- **Your task**
Write each line out a second time, exactly as shown below.
|---|
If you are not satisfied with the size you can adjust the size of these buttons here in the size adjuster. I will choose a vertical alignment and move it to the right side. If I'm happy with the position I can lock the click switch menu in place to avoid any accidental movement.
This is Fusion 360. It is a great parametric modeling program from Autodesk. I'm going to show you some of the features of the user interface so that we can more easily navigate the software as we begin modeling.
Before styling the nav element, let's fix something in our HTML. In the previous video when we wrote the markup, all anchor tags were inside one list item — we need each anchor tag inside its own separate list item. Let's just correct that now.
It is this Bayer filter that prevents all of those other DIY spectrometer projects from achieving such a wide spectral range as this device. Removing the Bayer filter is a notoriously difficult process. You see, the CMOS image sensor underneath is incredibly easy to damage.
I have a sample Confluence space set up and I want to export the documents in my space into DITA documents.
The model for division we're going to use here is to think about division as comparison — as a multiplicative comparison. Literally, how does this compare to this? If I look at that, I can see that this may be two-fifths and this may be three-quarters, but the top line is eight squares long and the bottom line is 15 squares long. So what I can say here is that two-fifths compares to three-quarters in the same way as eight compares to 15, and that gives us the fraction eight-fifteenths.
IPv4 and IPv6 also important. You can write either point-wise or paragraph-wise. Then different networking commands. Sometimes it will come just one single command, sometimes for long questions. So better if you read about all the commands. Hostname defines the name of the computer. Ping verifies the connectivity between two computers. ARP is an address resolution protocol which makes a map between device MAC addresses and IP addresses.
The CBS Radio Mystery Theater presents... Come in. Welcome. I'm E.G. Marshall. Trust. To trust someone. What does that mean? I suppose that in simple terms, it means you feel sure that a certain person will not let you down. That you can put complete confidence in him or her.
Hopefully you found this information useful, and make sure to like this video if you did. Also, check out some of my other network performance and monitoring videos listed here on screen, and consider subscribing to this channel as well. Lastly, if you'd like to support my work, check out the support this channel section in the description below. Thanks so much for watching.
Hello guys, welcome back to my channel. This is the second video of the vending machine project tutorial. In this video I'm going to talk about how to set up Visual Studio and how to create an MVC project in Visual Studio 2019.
|---|
- **Answer to this exercise**
If you are not satisfied with the size you can adjust the size of these buttons here in the size adjuster. I will choose a vertical alignment and move it to the right side. If I'm happy with the position I can lock the click switch menu in place to avoid any accidental movement.
This is Fusion 360. It is a great parametric modeling program from Autodesk. I'm going to show you some of the features of the user interface so that we can more easily navigate the software as we begin modeling.
Before styling the nav element, let's fix something in our HTML. In the previous video when we wrote the markup, all anchor tags were inside one list item — we need each anchor tag inside its own separate list item. Let's just correct that now.
It is this Bayer filter that prevents all of those other DIY spectrometer projects from achieving such a wide spectral range as this device. Removing the Bayer filter is a notoriously difficult process. You see, the CMOS image sensor underneath is incredibly easy to damage.
I have a sample Confluence space set up and I want to export the documents in my space into DITA documents.
The model for division we're going to use here is to think about division as comparison — as a multiplicative comparison. Literally, how does this compare to this? If I look at that, I can see that this may be two-fifths and this may be three-quarters, but the top line is eight squares long and the bottom line is 15 squares long. So what I can say here is that two-fifths compares to three-quarters in the same way as eight compares to 15, and that gives us the fraction eight-fifteenths.
IPv4 and IPv6 also important. You can write either point-wise or paragraph-wise. Then different networking commands. Sometimes it will come just one single command, sometimes for long questions. So better if you read about all the commands. Hostname defines the name of the computer. Ping verifies the connectivity between two computers. ARP is an address resolution protocol which makes a map between device MAC addresses and IP addresses.
The CBS Radio Mystery Theater presents... Come in. Welcome. I'm E.G. Marshall. Trust. To trust someone. What does that mean? I suppose that in simple terms, it means you feel sure that a certain person will not let you down. That you can put complete confidence in him or her.
Hopefully you found this information useful, and make sure to like this video if you did. Also, check out some of my other network performance and monitoring videos listed here on screen, and consider subscribing to this channel as well. Lastly, if you'd like to support my work, check out the support this channel section in the description below. Thanks so much for watching.
Hello guys, welcome back to my channel. This is the second video of the vending machine project tutorial. In this video I'm going to talk about how to set up Visual Studio and how to create an MVC project in Visual Studio 2019.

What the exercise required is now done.